Fast solvers are built on the compressibility property of the far-field interaction matrices. The compression of the far-field matrices can be done using analytical matrix compression methods like MLFMA or AIM, and also with numerical matrix compression methods like H-Matrix. Compared to analytical compression methods, numerical compression methods are easy to implement and are kernel independent. All the fast solvers depend on the iteration count of the iterative solution methods. The convergence of the iterations depends on the condition number of the computed MoM matrix, and further, for a large number of unknowns, the convergence iteration count also increases. The high iteration count can be mitigated by using various preconditions like ILUT, Null-Field, and Schur’s complement method based preconditioners [13, 14, 15]. The matrix preconditioner improves the condition number of the matrices and reduces the iteration count of the overall matrix solution. Despite the improvement in solution time, the use of preconditioners comes with the overhead of preconditioner computation time and extra preconditioner solution time for each iteration. Also, for the solving of a large number of unknowns, the iteration count may stillbe high.

Recently there has been a trend in the CEM community for the development of an iteration-free fast solver method for solving problems with a large number of unknowns. Various fast direct solvers [16, 17] have been proposed to overcome the iteration dependency of the solution process. These direct solvers are based on LU decomposition and compression methods. The methods are complex to implement and give quadratic scaling for complex real-world problems.

In this work, we propose a Multi-Level (ML) fast matrix solution method based on the power series [18, 19]. The proposed method exploits the property of ML matrix compression of the H-Matrix. The matrix is solved for each level using the matrix computation of the leaf level only, and the matrix solution can be terminated at the desired level as per the required accuracy. Our experimental results show that we get good accuracy even for the lowest level solution. The method relies on matrix-vector multiplication at each level and using the solution of the lowest level saves matrix computation time and memory requirement for the overallmatrix solution.

The rest of the paper is organized as follows.
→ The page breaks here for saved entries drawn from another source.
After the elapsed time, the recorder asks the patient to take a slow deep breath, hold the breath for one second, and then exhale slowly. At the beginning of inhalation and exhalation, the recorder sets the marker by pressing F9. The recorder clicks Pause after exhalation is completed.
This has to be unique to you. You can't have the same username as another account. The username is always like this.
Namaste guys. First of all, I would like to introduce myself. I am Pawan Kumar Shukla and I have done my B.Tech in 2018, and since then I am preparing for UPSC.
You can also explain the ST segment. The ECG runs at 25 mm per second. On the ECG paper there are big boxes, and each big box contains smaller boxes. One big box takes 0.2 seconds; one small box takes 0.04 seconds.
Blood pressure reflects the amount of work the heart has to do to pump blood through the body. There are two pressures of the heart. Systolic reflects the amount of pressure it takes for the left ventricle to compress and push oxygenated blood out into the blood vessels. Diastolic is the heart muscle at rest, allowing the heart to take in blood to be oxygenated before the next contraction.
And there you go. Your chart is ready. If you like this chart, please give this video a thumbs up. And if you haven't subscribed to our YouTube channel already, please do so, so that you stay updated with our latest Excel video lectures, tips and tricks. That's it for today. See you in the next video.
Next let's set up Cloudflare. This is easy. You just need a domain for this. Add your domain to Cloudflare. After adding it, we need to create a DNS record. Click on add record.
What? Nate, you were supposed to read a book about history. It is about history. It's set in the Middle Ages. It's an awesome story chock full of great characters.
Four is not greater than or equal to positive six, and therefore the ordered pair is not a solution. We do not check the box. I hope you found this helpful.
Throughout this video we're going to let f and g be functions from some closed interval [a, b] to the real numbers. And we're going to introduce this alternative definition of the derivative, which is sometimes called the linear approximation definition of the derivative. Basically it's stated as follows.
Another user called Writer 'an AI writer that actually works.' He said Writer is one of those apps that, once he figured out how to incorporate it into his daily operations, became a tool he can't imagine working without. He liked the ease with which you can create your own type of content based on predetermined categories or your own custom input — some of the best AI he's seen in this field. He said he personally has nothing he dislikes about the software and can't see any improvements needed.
Section II gives a summary of MoM computation for S-EFIE and V-EFIE, section III covers H-Matrix computation for S-EFIE and V-EFIE. The derivation of the proposed ML power series solver is given in section IV. The numerical results of the proposed method, and conclusion are discussed in sections V, and VI.

II. METHOD OF MOMENTS

MoM is a popular and efficient integral equation based method for solving various electromagnetic radiation/scattering problems. MoM can be computed using Electric Field Integral Equation (EFIE) for both surface and volume modeling. Surface modeling can be done using Rao Wilton Glisson (RWG) [20] triangle basis function, whereas volume modeling can be done using Schaubert Wilton Glisson (SWG) [21] tetrahedral basis function. In the case of dielectric modeling compared to S-EFIE, V-EFIE is an integral equation of the second kind and is more well-conditioned and stable. V-EFIE can model inhomogeneous bodies more efficiently than surface EFIE. In this work, we use RWG basis function for PEC surface S-EFIE modeling and SWG basis function for volume V-EFIE modeling. The surface/volume EFIE governing equation for the conductor/dielectric scattering body illuminated with the incident plane wave is given as the total electric field $(E^{t o t a l})$ from a scattering surface/volume and is the sum of incident electric field $(E^{i n c})$ and scattered electric fields $(E^{s c a t t})$ .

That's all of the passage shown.